» **What to do**
Print the records below exactly, omitting all pictures.

» **Entries taken from a collection**

=== Section Start ===

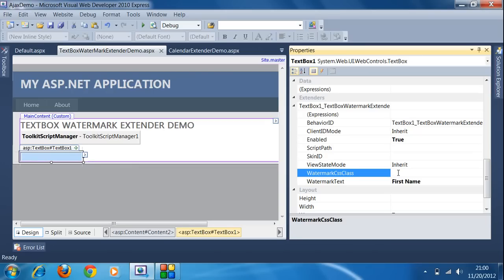In the properties I have to set the CSS class name of the style sheet, so I type 'gray-style'. Now I run this application by pressing the run button.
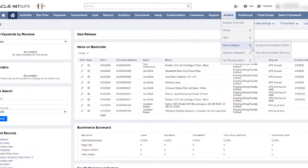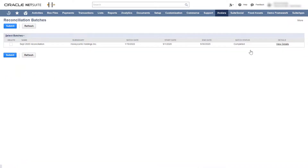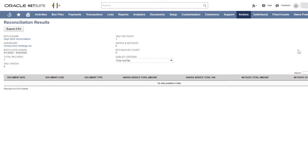Once the reconciliation utility has finished processing, you can review the results. If the reconciled count matches the total records, your info is reconciled.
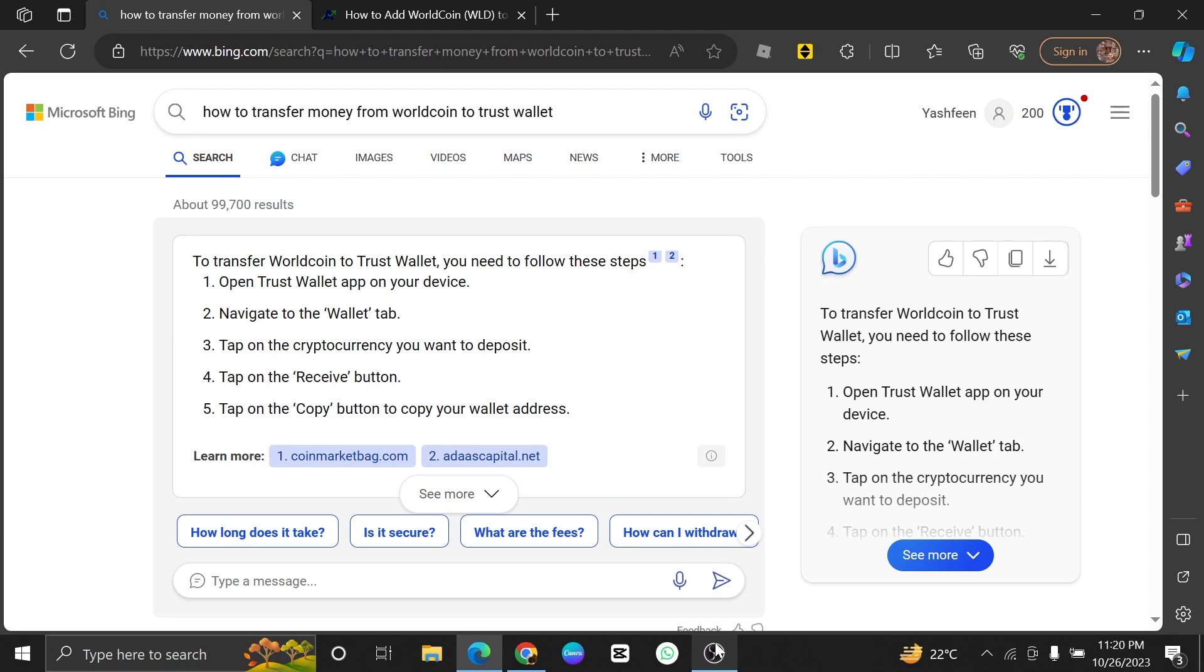Transferring money from WorldCoin to the Trust Wallet is very easy to do. Today, I'm going to show you how to do it.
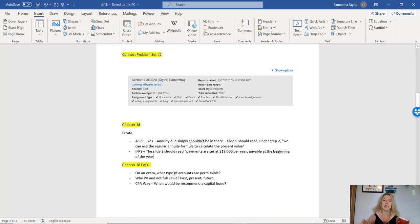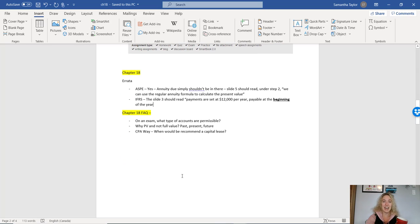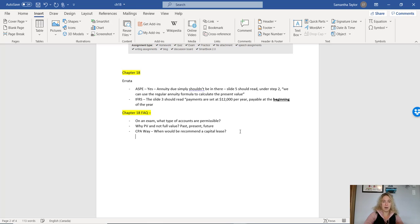I have summarized three of the FAQs. We also had a lot of questions about how the CPA Way interest expense and decrease of obligations were calculated, so we will go over that in just a moment.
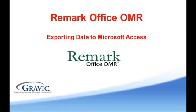Welcome to the Remark Software YouTube channel. With this video we will be demonstrating how to export your raw data from Remark Office OMR to Microsoft Access.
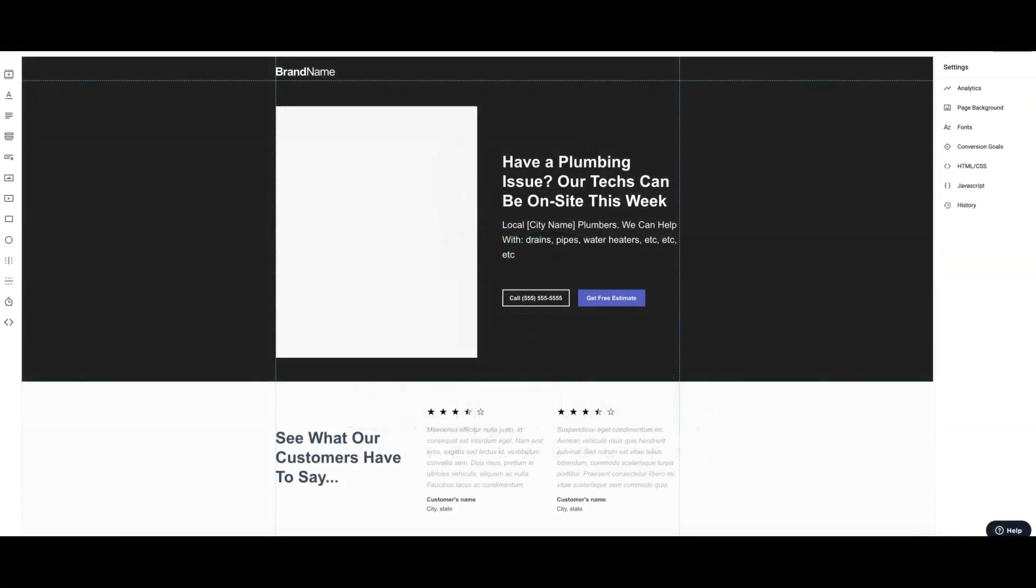Hey guys, Rob from ClicksGeek. In today's video I'm going to walk you through a high converting landing page. I'm actually walking through two. Something to keep in mind when you're looking at these pages is they're converting high, over 30%, but it's only mobile traffic. We're only driving mobile traffic to these pages.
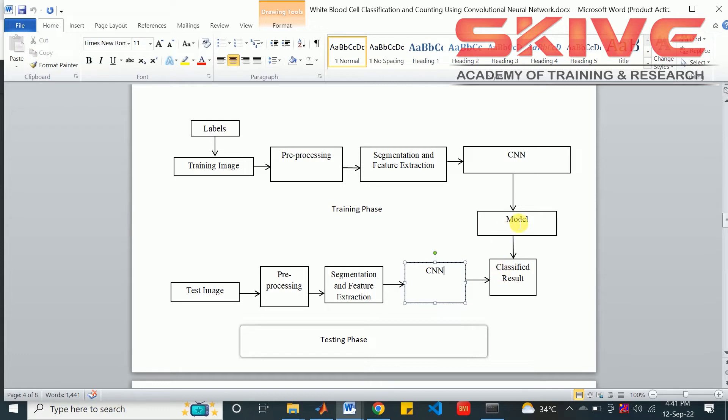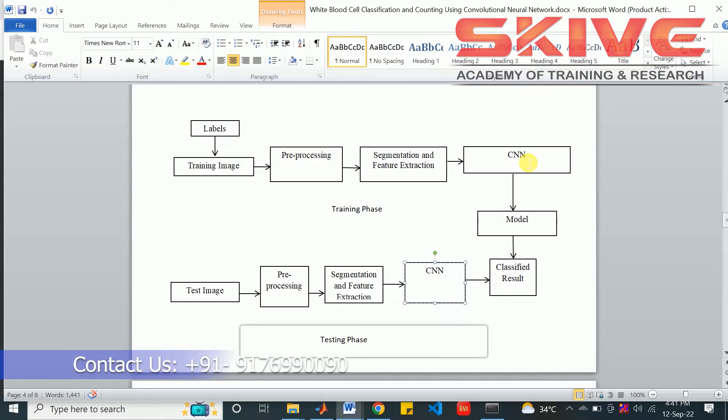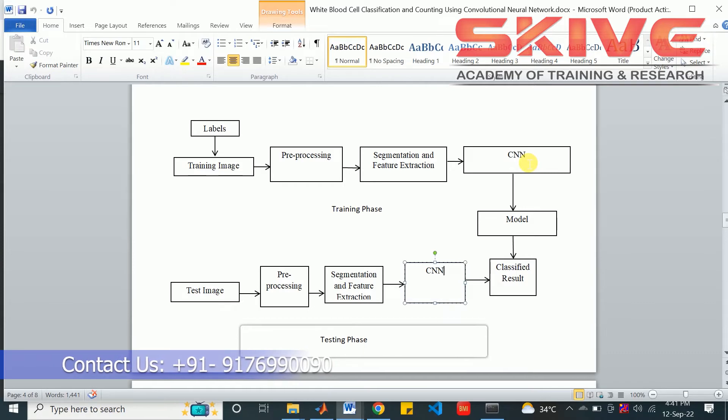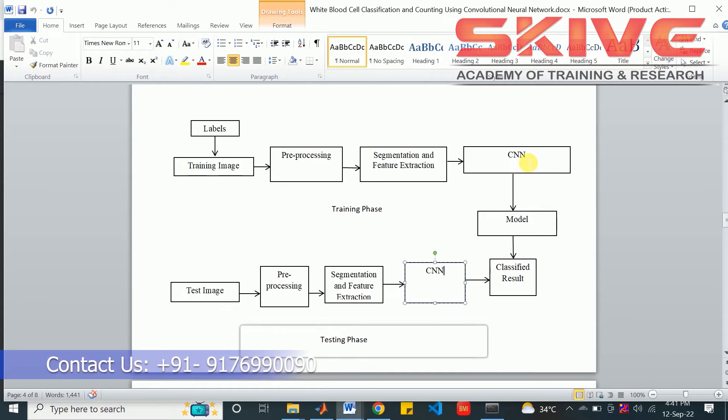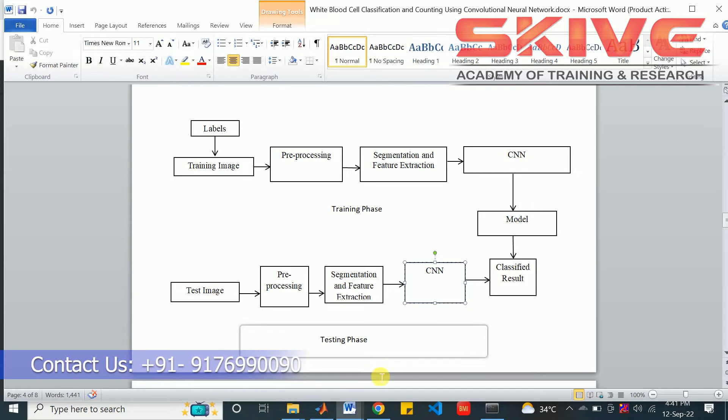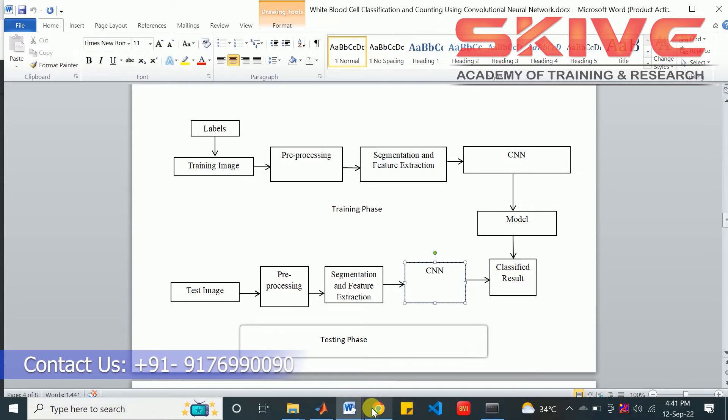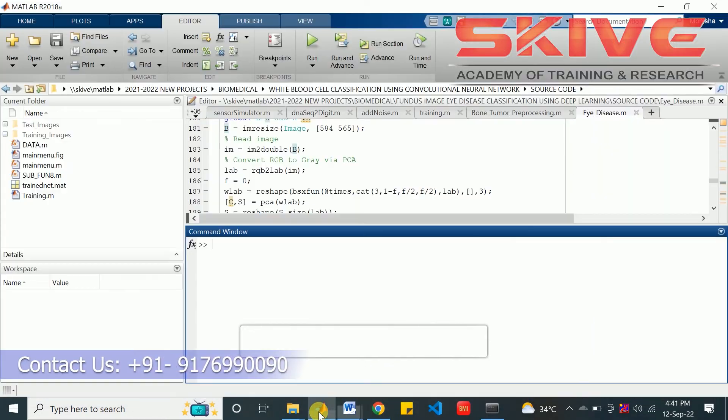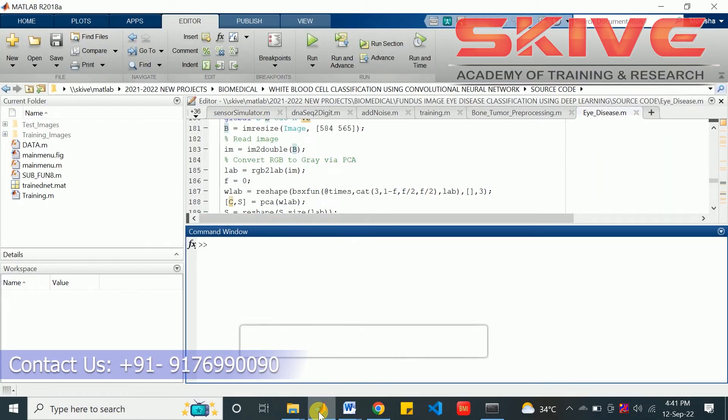With this result we can classify which type of blood cell we are giving as input. It will be useful for counting and other processes for finding the illness in the blood and our body too. So now we can see the implementation.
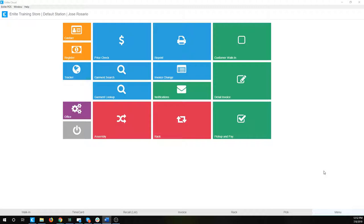Hello and welcome to another training video for nLite POS powered by Dark. In this video we're going to be taking a look at some of the controls in the invoice detailing section, where you're going to be creating all of your invoices and tickets. This is kind of the heart of the application, where a lot of employees spend most of their time. So we're going to spend some time with it.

=== Section End ===

» **Result for this task**
In the properties I have to set the CSS class name of the style sheet, so I type 'gray-style'. Now I run this application by pressing the run button.
Once the reconciliation utility has finished processing, you can review the results. If the reconciled count matches the total records, your info is reconciled.
Transferring money from WorldCoin to the Trust Wallet is very easy to do. Today, I'm going to show you how to do it.
I have summarized three of the FAQs. We also had a lot of questions about how the CPA Way interest expense and decrease of obligations were calculated, so we will go over that in just a moment.
Welcome to the Remark Software YouTube channel. With this video we will be demonstrating how to export your raw data from Remark Office OMR to Microsoft Access.
Hey guys, Rob from ClicksGeek. In today's video I'm going to walk you through a high converting landing page. I'm actually walking through two. Something to keep in mind when you're looking at these pages is they're converting high, over 30%, but it's only mobile traffic. We're only driving mobile traffic to these pages.
With this result we can classify which type of blood cell we are giving as input. It will be useful for counting and other processes for finding the illness in the blood and our body too. So now we can see the implementation.
Hello and welcome to another training video for nLite POS powered by Dark. In this video we're going to be taking a look at some of the controls in the invoice detailing section, where you're going to be creating all of your invoices and tickets. This is kind of the heart of the application, where a lot of employees spend most of their time. So we're going to spend some time with it.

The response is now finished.